High Court: Boy refused damages after school accident
A boy partially blinded after being hit in the eye by a classmate waving her fairy wand during a dress rehearsal for a school play has lost a High Court battle for damages.
The child's family had sued the Western Education and Library Board for alleged negligence over the accident which occurred when he was aged nine in 2009.
Mr Justice Stephens yesterday backed their account that he did lose the sight in his left eye because of being struck by the girl said to have been acting out casting a spell at the time.
However, he held that the teachers at the primary school in Co Londonderry had properly assessed the wand and supervised the rehearsal.
Dismissing the claim, the judge said: "I do not consider the plaintiff has established any fault on the part of the defendant."
The boy at the centre of the action had been onstage at the time with up to 200 other pupils getting ready for a production of their school play.

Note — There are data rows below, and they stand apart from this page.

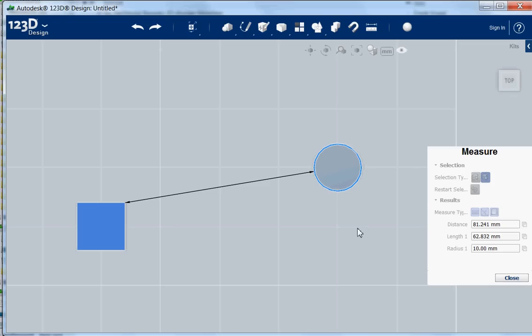So this is how the measurement panel works and in the next tutorial I will show you a bit more about the snap function.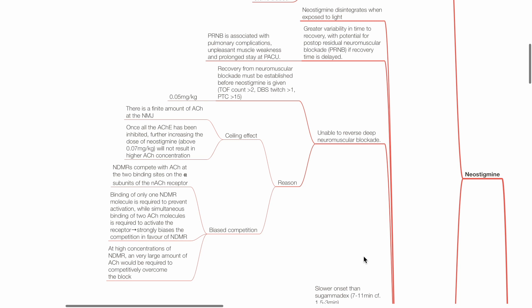Regarding ceiling effect: there is a finite amount of acetylcholine at the neuromuscular junction. Once all the ACHE has been inhibited, further increasing the dose of neostigmine above 0.07 mg per kg will not result in higher ACH concentration.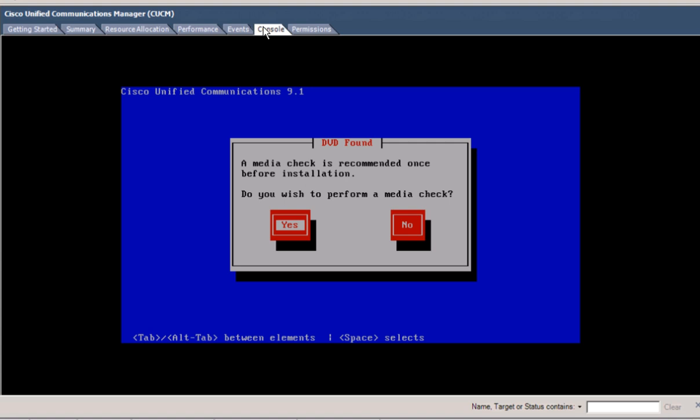That brings us to the end of this video. In the next video in the series I will run through the initial setup of the applications — Communications Manager, Unity Connection, and IM and Presence — for the BE6K, and then eventually integrate them all using the Provision Manager. Thanks for watching and thanks for choosing Cisco.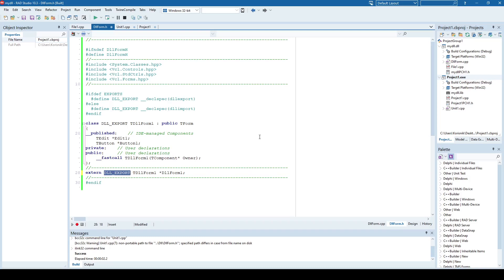I hope now you understand how to export DLL forms using the new Clang-based compiler. In the previous video I showed you how to do it using the classic Borland compiler. But as time goes by, the classic Borland compiler probably won't even be supported anymore, so this is the approach you will need to use in the future. Thank you.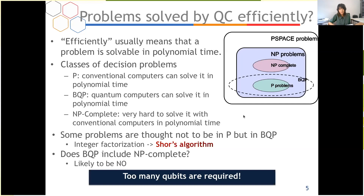Another question is: does BQP include NP-complete problems? Unfortunately, the answer is likely no — we cannot expect a quantum computer to solve NP-complete problems efficiently. Another problem is that too many qubits are required; for example, to implement Shor's algorithm, it is believed to require millions of qubits.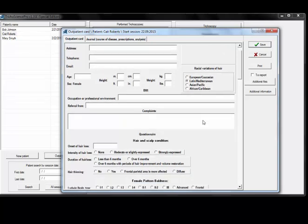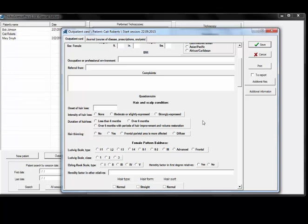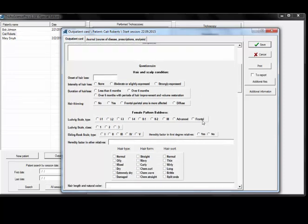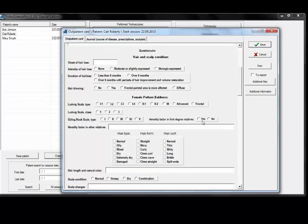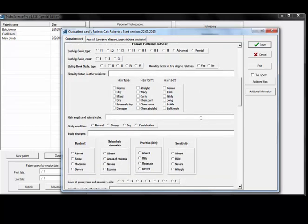Other information is more optional. You have hair and scalp conditions and other medical conditions that you can add into the outpatient card as well.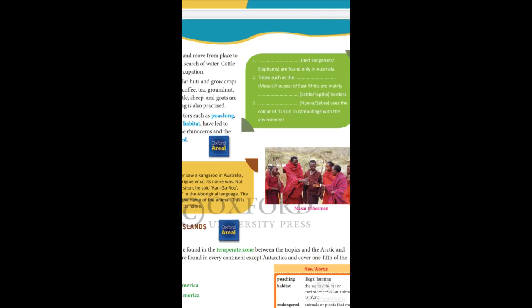Today we have learnt about tropical grasslands — their location, vegetation, climate, wildlife, and human occupation. We will meet in the interaction section. Thank you.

The court heard another girl dressed as a fairy had been allowed to carry a wand with a star on it which allegedly inflicted the injury.

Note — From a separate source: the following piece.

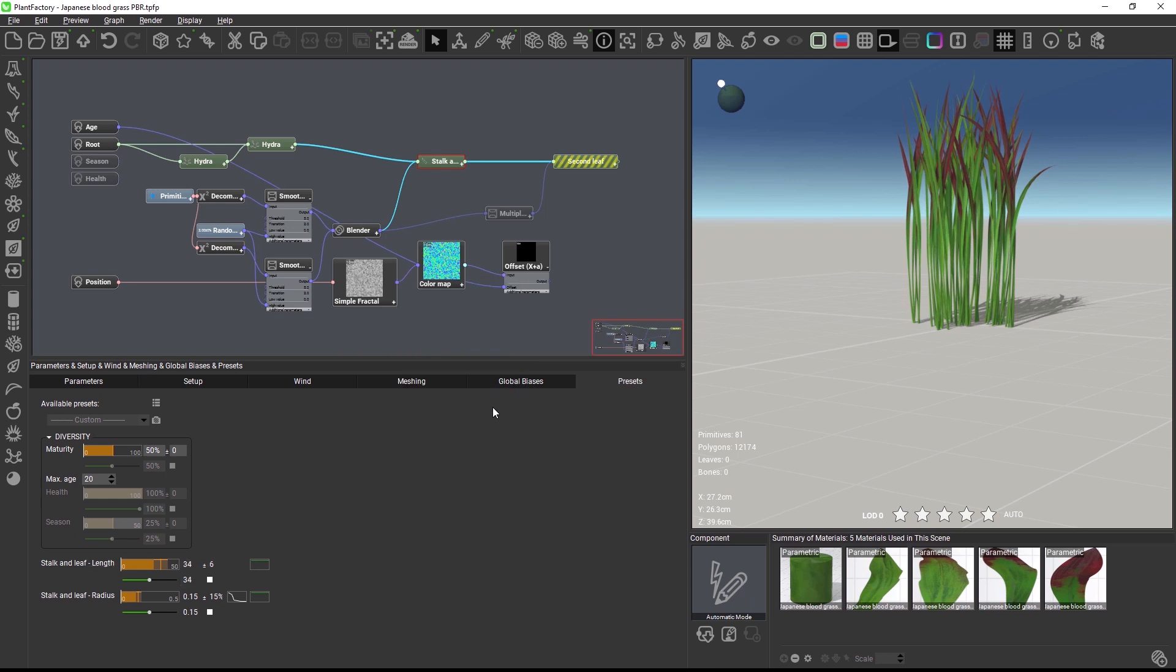So that's it for the small graph improvements in Plant Factory 2021.2. You will see more changes in the next releases as we continue to revamp and refine the node editing workflows. Thanks for watching and see you in the next tutorial.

Delivering judgment yesterday, Mr Justice Stephens praised the boy and his mother for the honesty of their evidence.
Even though questions were raised over which eye was struck, the judge found it had been the one in which he subsequently lost sight.
Dealing with the issue of liability, however, he said the teacher with responsibility at the time had carried out an assessment of the wand and the girl holding it.

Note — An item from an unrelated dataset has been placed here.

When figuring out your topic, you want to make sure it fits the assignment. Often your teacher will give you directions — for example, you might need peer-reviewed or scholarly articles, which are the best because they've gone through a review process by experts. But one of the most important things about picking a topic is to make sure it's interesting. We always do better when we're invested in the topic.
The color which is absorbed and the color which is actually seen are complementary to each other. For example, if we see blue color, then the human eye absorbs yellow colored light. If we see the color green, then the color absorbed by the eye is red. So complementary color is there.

"The overwhelming evidence is the particular girl was timid and not likely to behave in an inappropriate way," he pointed out.
Entering judgment for the defendant, Mr Justice Stephens confirmed: "The rehearsal was appropriately supervised."
Story so far
A nine-year-old boy subsequently lost the sight in one eye after being struck by a fairy wand waved by a fellow pupil during a rehearsal for a school play. The girl was said to be acting out casting a spell at the time. A claim for damages was dismissed after the court ruled the play was properly supervised.